Un Ulysse arménien d’aujourd’hui ne peut pas vivre en ville. Non que la ville soit particulièrement invivable, mais, parce qu’elle produit des déchets, c'est la ville qui monte vers la décharge, par camions-bennes qui défilent toute la journée. En face de la décharge, il y a le cimetière. Les citadins ont sorti de la ville les morts et le culte des morts (ce qui est lourd de sens pour un peuple qui a connu un génocide) comme ils ont sorti de la ville les rebuts. Et ils comptent sur les chiffonniers, qui crèvent des sacs à longueur de journée et récupèrent et recyclent ce que les repus ont jeté, pour tenir à bonne distance le passé.
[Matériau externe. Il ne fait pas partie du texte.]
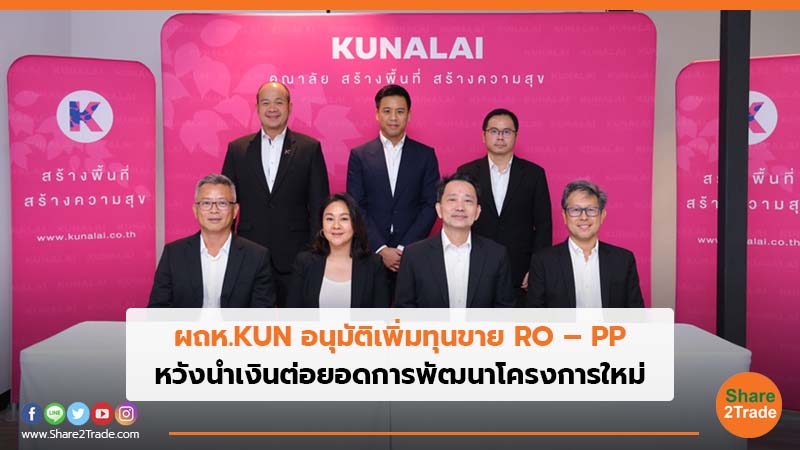 ผถห.KUN อนุมัติเพิ่มทุนขาย RO – PP หวังนำเงินต่อยอดการพัฒนาโครงการใหม่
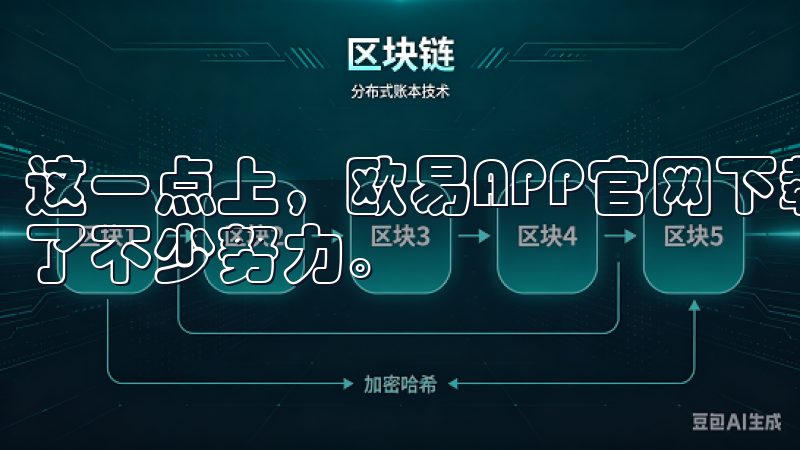 这一点上，欧易APP官网下载最新版本安装包强势上线也做出了不少努力。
On est emporté par le texte ; il y a des paysages, de la politique, des meurtres, des journalistes, des photographes, des cochons, des chiens et des mouettes (comme, m’a-t-on signalé, dans un livre de Michel Tournier, Les Météores), de l’argent, de la tristesse, du rire, de la révolte, de la police, des jeux de mots, des proverbes, des mots en arménien, de la musique, du feu, des dessins, des odeurs, et en particulier celles d’un festin qui réunit ceux dont le destin s’est noué autour de cette colline qui surplombe Erevan.
C’est réduire ce livre que de le limiter à Erevan, de même que c’est réduire Ulysse que de le limiter à Dublin. Le monde mondialisé s’y retrouve : car, grâce à ceux qui transportent et traitent les déchets des civilisations (et qu’on traite bien souvent eux-mêmes comme des déchets), les gens « vivent dignement » et les « industries prospèrent ». Hommage aux pauvres, aux exclus, aux insoumis.
Enfin, de même que le dernier mot du livre de Joyce comporte trois lettres (« Yes »), le dernier mot de ce livre en comporte trois, qui sont aussi les premières (« Dèr »). Comme si tout recommençait toujours, ailleurs.